While Humans asks whether or not a Synth is capable of enjoying art (Miller’s Death Of A Salesman, to be precise), Real Humans appears more interested in the civil rights issues presented by Hubots. It uses them much as the first season of True Blood used vampires, to stand in for other historically oppressed groups – slaves, and women. We watch a powerful lawyer casually groping the breast of a female Hubot employed by his firm, and another hit her in the face. It’s provocative television, and the questions it provokes are the political areas of power and hegemony. Tellingly, its Conscious Hubots are termed “wild”, but refer to themselves as “liberated”.

Which is better?

The short answer is that they’re both pretty special. Arguably, Real Humans resolves its first series more satisfyingly than the UK version. As noted, Real Humans has also had twenty episodes in which to develop its world versus Humans’ eight (creator Lars Lundström has a third planned but no official order at the time of writing). It’s therefore a busier, more populated and more closely interwoven series than its UK adaptation so far. Perhaps it’s fairest to ask again after Humans series two, when there’ll be a better basis for comparison.

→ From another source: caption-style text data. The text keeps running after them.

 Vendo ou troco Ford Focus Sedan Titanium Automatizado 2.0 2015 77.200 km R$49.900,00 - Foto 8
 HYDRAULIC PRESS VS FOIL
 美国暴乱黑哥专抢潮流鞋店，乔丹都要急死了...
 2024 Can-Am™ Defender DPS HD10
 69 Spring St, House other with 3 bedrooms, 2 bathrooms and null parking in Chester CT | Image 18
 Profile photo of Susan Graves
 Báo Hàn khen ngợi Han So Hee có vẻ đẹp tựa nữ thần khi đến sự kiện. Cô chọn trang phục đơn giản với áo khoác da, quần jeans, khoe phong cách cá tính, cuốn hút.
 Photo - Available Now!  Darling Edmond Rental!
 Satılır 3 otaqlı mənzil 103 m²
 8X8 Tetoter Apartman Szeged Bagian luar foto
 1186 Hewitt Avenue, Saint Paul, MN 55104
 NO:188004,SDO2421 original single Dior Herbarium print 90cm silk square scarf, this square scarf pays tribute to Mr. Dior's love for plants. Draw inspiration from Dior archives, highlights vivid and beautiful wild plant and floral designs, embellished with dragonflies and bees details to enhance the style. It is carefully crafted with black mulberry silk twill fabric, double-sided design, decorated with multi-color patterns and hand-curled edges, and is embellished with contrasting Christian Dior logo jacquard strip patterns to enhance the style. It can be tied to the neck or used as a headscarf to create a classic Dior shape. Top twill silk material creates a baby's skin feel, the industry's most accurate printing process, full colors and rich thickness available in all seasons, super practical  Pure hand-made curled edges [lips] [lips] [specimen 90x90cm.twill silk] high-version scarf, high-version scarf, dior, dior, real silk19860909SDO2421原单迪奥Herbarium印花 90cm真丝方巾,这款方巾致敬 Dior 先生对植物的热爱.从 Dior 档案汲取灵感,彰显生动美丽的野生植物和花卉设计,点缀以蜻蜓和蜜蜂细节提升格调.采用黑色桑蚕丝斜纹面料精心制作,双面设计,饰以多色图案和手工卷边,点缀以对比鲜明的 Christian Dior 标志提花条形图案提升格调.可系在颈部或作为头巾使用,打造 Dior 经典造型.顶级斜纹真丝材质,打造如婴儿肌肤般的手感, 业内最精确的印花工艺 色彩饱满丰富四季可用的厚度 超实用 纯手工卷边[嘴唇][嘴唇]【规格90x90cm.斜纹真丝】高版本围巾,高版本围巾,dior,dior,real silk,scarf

Both certainly have plenty to recommend them. There are some great performances (Gemma Chan and William Hurt were the stand-outs in Humans’ first series, while Pia Halvorson and Leif Andrée stood out in Real Humans series one), gripping thriller elements, probing lines of philosophical enquiry, engaging domestic drama…

Despite the broad strokes overlap, there’s enough difference between them to make it worthwhile watching both, even if it will mean losing some of the surprises of whichever you see second. Our verdict? If you loved Humans, you’ll enjoy going back to the source. Have your Swedish cake and eat it.